— Short descriptive text snippets —
□ □ □ □

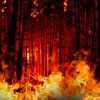 Sulteng Berpotensi Dilanda Kebakaran Hutan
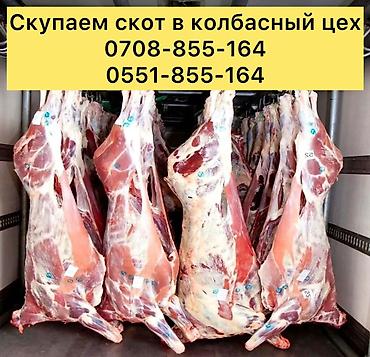 С/х животные и товары: Колбасный цех : Коровы, быки, | Забитый — 1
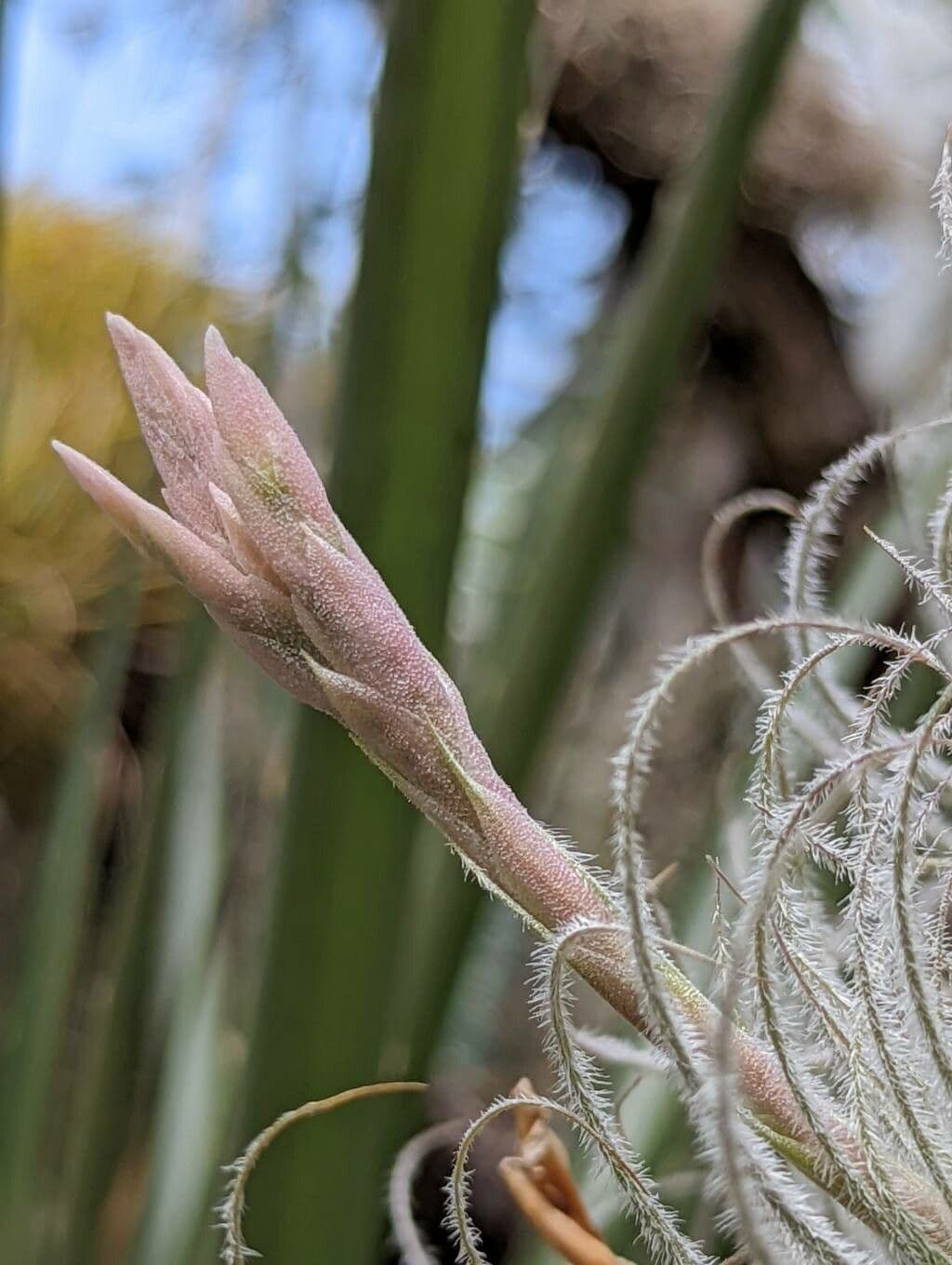 Tillandsia 10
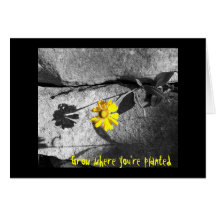 Motivational "Grow where you're planted" Note Card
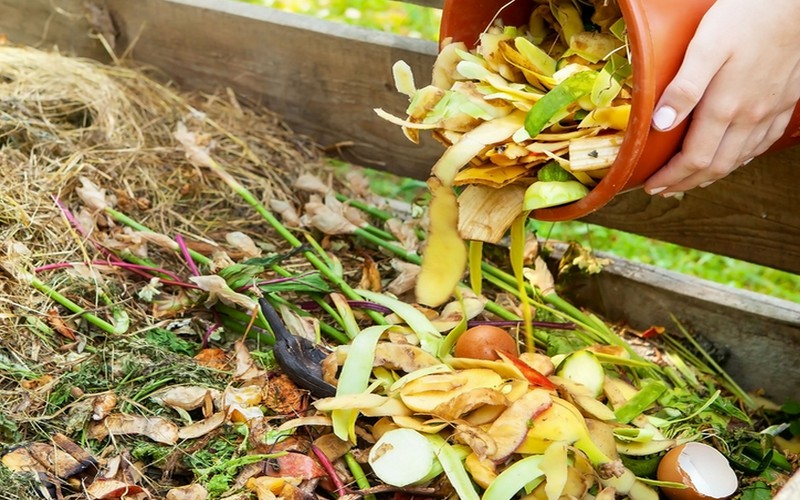 Biodéchets de cuisine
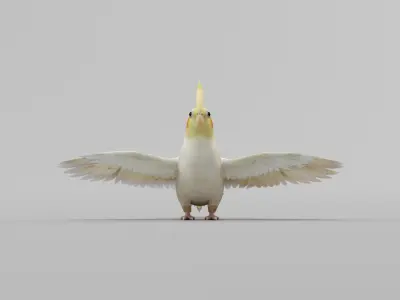 Cockatiel Parrot Bird 3D model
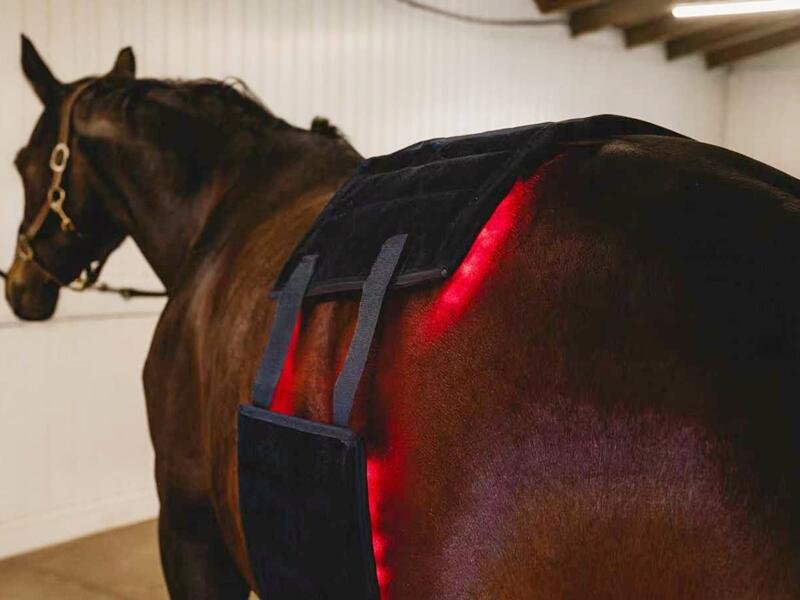 Flexible wearable therapy pad for animals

□ □ □ □

— Requirement —
Your copy should hold exactly the lines from the line bearing "Biodéchets de cuisine" through the end of the data, both included, and no pictures or anything further.

— Answer box —
 Biodéchets de cuisine
 Cockatiel Parrot Bird 3D model
 Flexible wearable therapy pad for animals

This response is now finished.